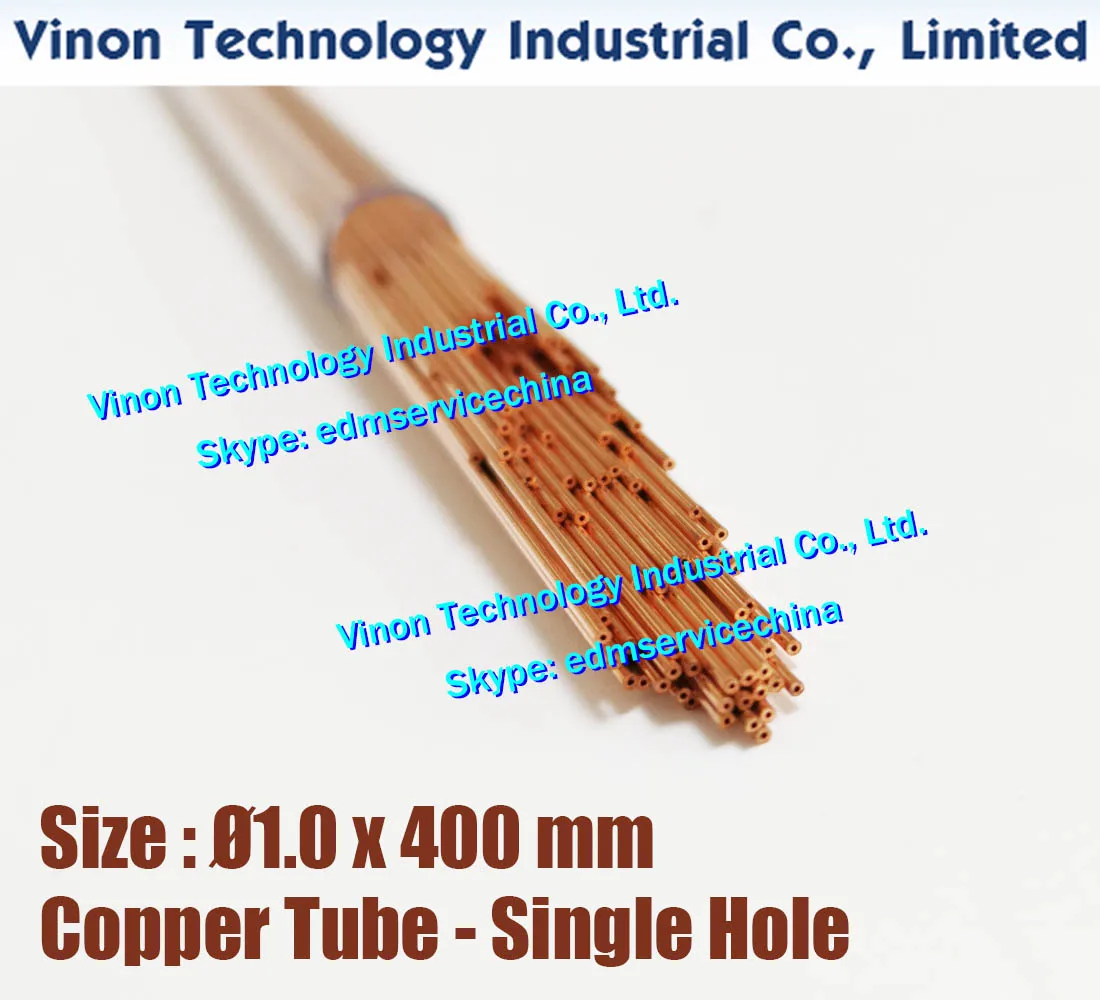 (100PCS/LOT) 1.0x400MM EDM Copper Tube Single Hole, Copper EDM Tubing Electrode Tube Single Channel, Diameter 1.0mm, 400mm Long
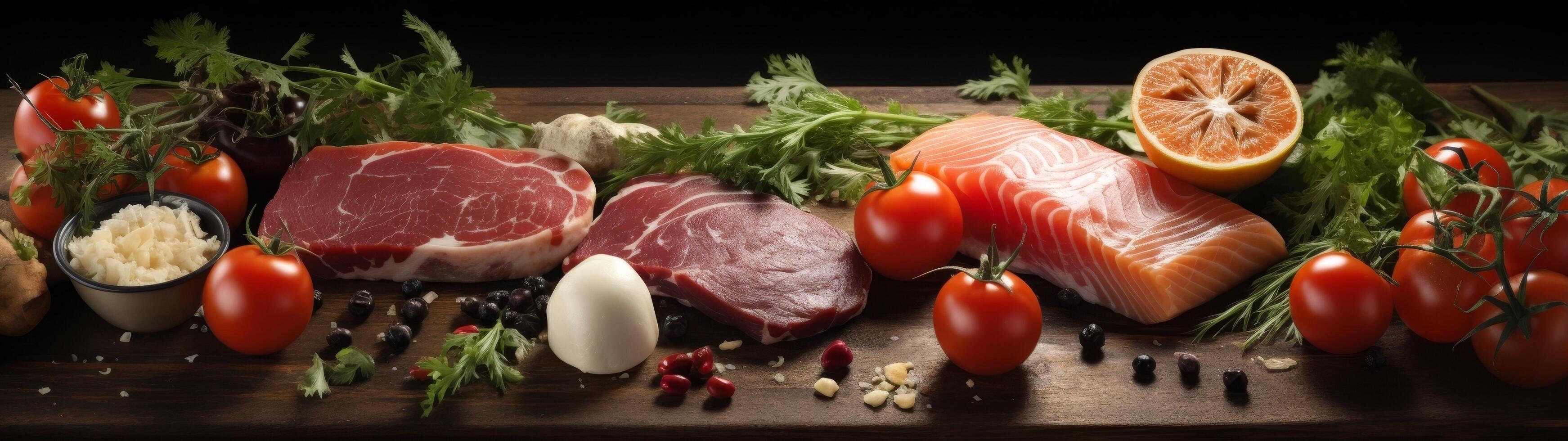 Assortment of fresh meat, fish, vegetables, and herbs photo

# # #

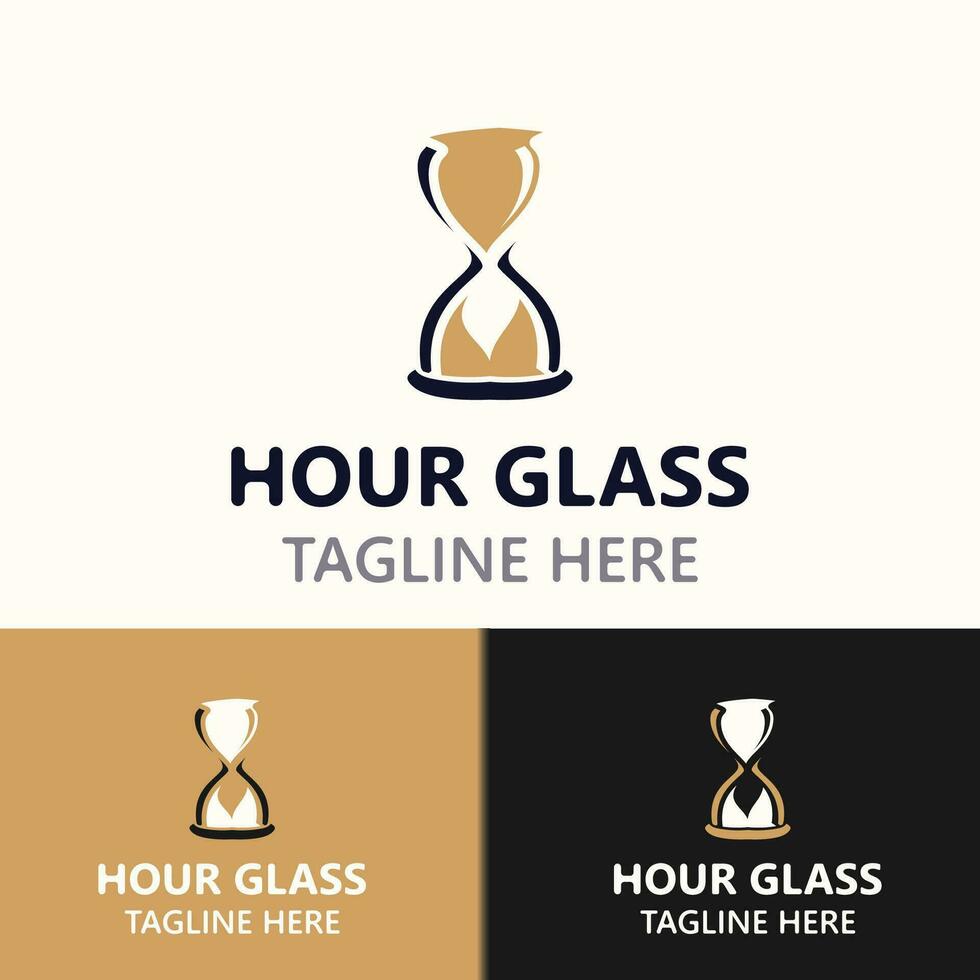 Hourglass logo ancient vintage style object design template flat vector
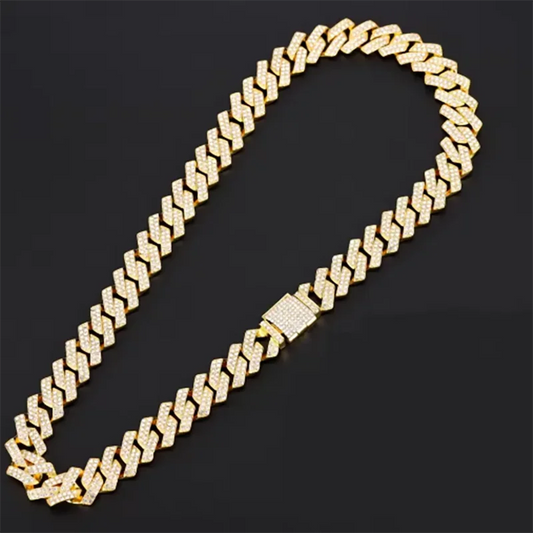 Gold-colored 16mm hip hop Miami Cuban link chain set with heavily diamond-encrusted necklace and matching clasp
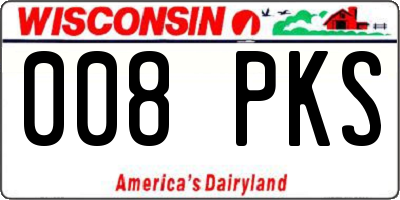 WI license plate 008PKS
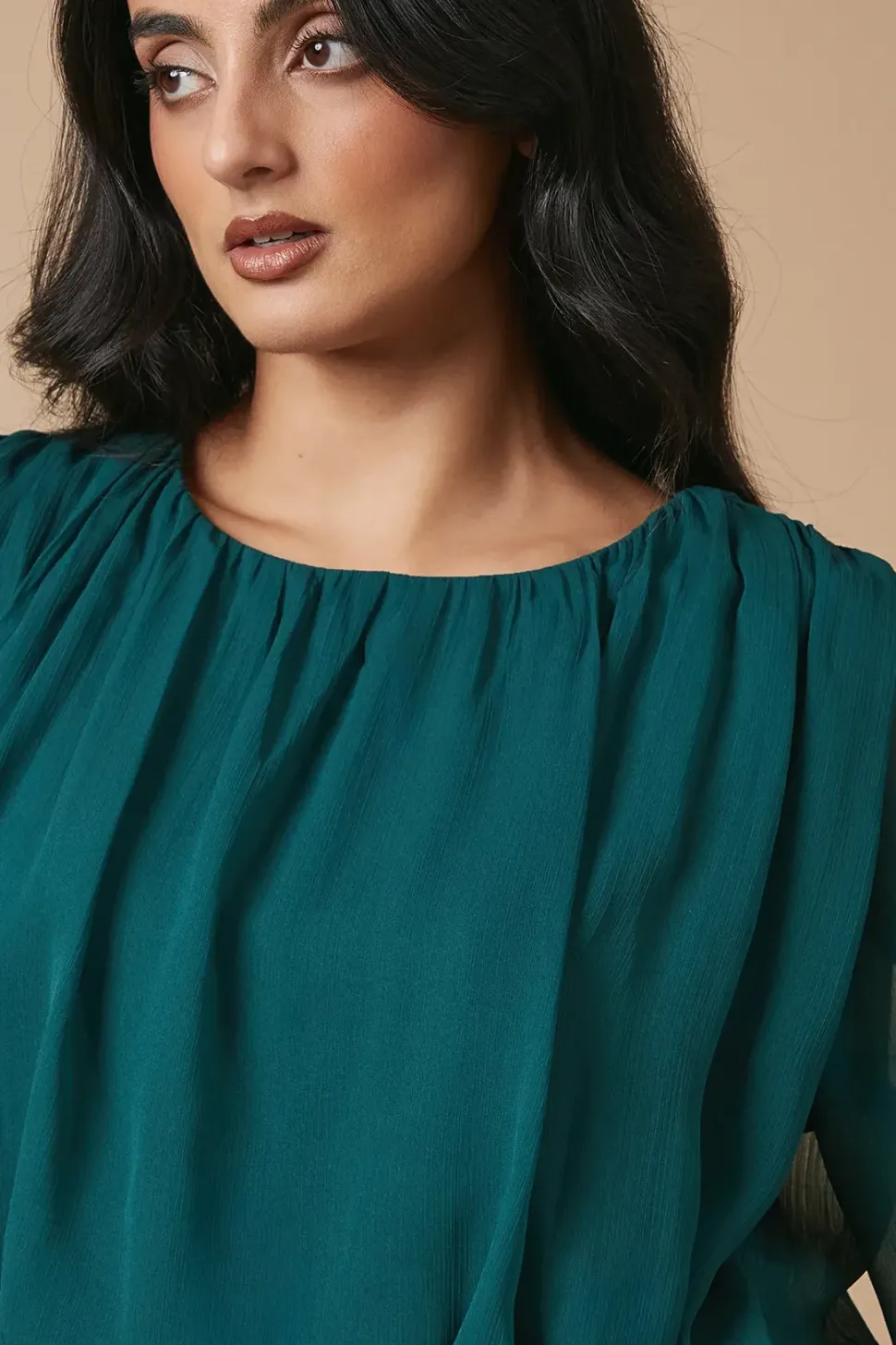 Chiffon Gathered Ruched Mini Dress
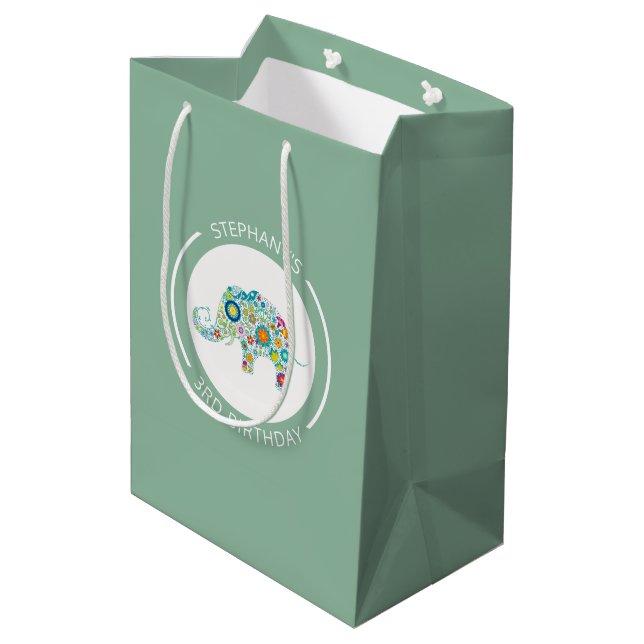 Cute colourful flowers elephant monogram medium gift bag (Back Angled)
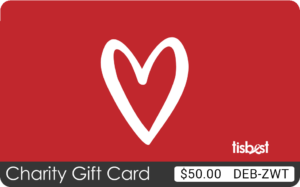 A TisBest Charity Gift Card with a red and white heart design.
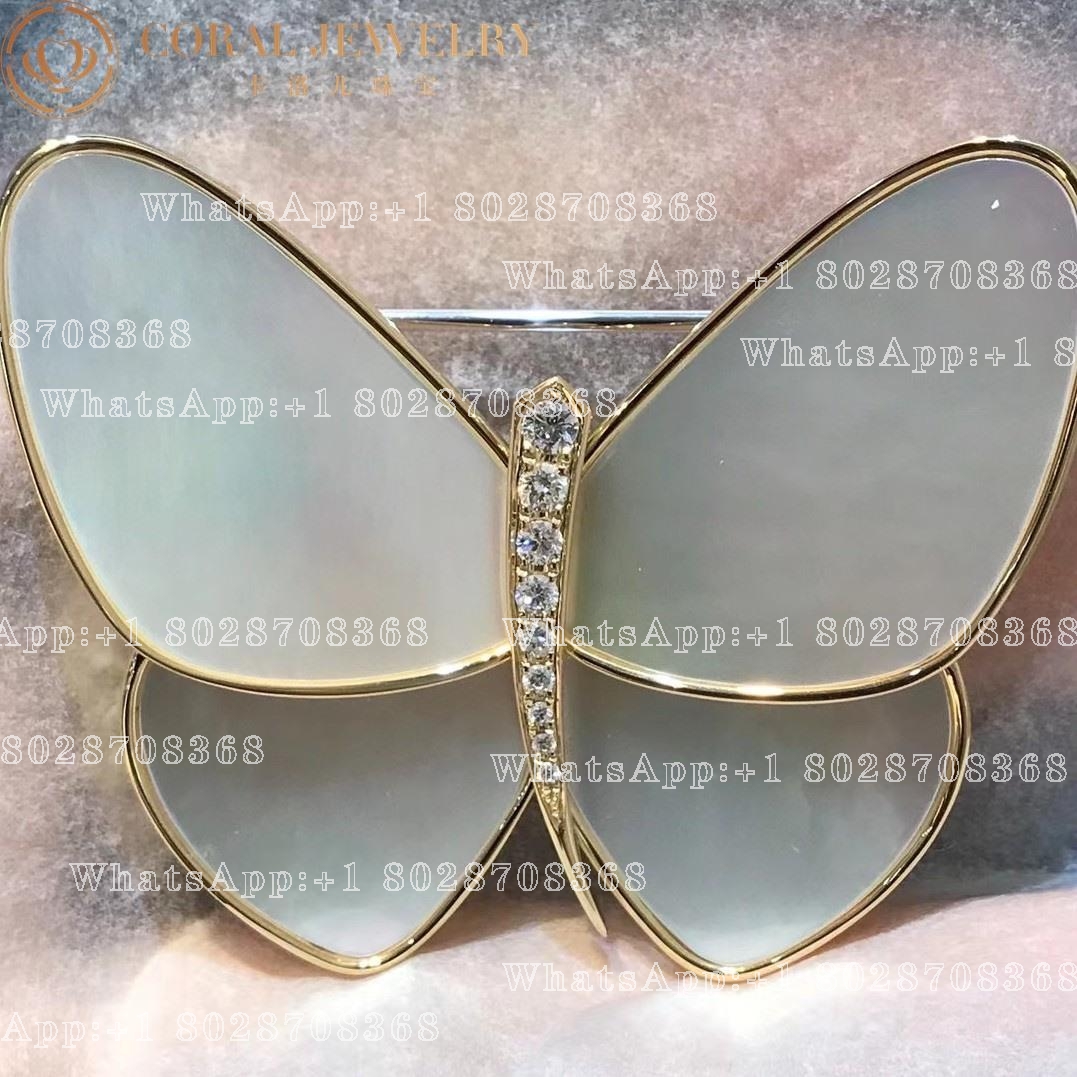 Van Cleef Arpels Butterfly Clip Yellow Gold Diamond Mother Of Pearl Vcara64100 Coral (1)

# # #

= WHAT IS EXPECTED =
In the data above, find the line containing "Hourglass logo ancient" and the line containing "Van Cleef Arpels". Repeat those two lines and everything between them exactly, minus the pictures.

= RESPONSE =
 Hourglass logo ancient vintage style object design template flat vector
 Gold-colored 16mm hip hop Miami Cuban link chain set with heavily diamond-encrusted necklace and matching clasp
 WI license plate 008PKS
 Chiffon Gathered Ruched Mini Dress
 Cute colourful flowers elephant monogram medium gift bag (Back Angled)
 A TisBest Charity Gift Card with a red and white heart design.
 Van Cleef Arpels Butterfly Clip Yellow Gold Diamond Mother Of Pearl Vcara64100 Coral (1)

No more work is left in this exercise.